> **Source information**:
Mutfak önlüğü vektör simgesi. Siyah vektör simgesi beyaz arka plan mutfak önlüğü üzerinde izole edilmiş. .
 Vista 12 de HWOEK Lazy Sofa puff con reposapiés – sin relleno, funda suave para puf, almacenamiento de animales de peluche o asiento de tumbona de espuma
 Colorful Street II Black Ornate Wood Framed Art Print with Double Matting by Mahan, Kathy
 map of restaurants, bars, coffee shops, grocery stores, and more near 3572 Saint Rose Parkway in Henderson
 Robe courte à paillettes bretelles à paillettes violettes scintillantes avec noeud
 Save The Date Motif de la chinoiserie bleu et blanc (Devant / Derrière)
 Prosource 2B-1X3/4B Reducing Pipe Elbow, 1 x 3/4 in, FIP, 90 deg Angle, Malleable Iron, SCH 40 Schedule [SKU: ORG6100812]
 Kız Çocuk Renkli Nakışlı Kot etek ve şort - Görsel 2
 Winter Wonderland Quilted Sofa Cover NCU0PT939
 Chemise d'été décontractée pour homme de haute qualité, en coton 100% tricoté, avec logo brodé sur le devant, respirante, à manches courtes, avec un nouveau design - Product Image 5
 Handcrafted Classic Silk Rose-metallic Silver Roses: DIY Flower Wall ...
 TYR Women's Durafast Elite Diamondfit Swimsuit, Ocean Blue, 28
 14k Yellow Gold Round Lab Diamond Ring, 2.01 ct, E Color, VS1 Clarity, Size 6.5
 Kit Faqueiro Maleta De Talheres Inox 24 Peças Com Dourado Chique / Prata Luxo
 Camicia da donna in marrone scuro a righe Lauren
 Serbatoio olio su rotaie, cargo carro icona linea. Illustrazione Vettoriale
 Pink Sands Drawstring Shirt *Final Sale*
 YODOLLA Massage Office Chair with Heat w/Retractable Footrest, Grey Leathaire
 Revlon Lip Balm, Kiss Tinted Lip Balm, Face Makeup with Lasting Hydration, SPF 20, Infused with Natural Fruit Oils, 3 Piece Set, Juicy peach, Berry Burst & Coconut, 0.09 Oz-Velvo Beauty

> **Work instructions**:
The full set of records should be duplicated exactly.

> **Written answer**:
Mutfak önlüğü vektör simgesi. Siyah vektör simgesi beyaz arka plan mutfak önlüğü üzerinde izole edilmiş. .
 Vista 12 de HWOEK Lazy Sofa puff con reposapiés – sin relleno, funda suave para puf, almacenamiento de animales de peluche o asiento de tumbona de espuma
 Colorful Street II Black Ornate Wood Framed Art Print with Double Matting by Mahan, Kathy
 map of restaurants, bars, coffee shops, grocery stores, and more near 3572 Saint Rose Parkway in Henderson
 Robe courte à paillettes bretelles à paillettes violettes scintillantes avec noeud
 Save The Date Motif de la chinoiserie bleu et blanc (Devant / Derrière)
 Prosource 2B-1X3/4B Reducing Pipe Elbow, 1 x 3/4 in, FIP, 90 deg Angle, Malleable Iron, SCH 40 Schedule [SKU: ORG6100812]
 Kız Çocuk Renkli Nakışlı Kot etek ve şort - Görsel 2
 Winter Wonderland Quilted Sofa Cover NCU0PT939
 Chemise d'été décontractée pour homme de haute qualité, en coton 100% tricoté, avec logo brodé sur le devant, respirante, à manches courtes, avec un nouveau design - Product Image 5
 Handcrafted Classic Silk Rose-metallic Silver Roses: DIY Flower Wall ...
 TYR Women's Durafast Elite Diamondfit Swimsuit, Ocean Blue, 28
 14k Yellow Gold Round Lab Diamond Ring, 2.01 ct, E Color, VS1 Clarity, Size 6.5
 Kit Faqueiro Maleta De Talheres Inox 24 Peças Com Dourado Chique / Prata Luxo
 Camicia da donna in marrone scuro a righe Lauren
 Serbatoio olio su rotaie, cargo carro icona linea. Illustrazione Vettoriale
 Pink Sands Drawstring Shirt *Final Sale*
 YODOLLA Massage Office Chair with Heat w/Retractable Footrest, Grey Leathaire
 Revlon Lip Balm, Kiss Tinted Lip Balm, Face Makeup with Lasting Hydration, SPF 20, Infused with Natural Fruit Oils, 3 Piece Set, Juicy peach, Berry Burst & Coconut, 0.09 Oz-Velvo Beauty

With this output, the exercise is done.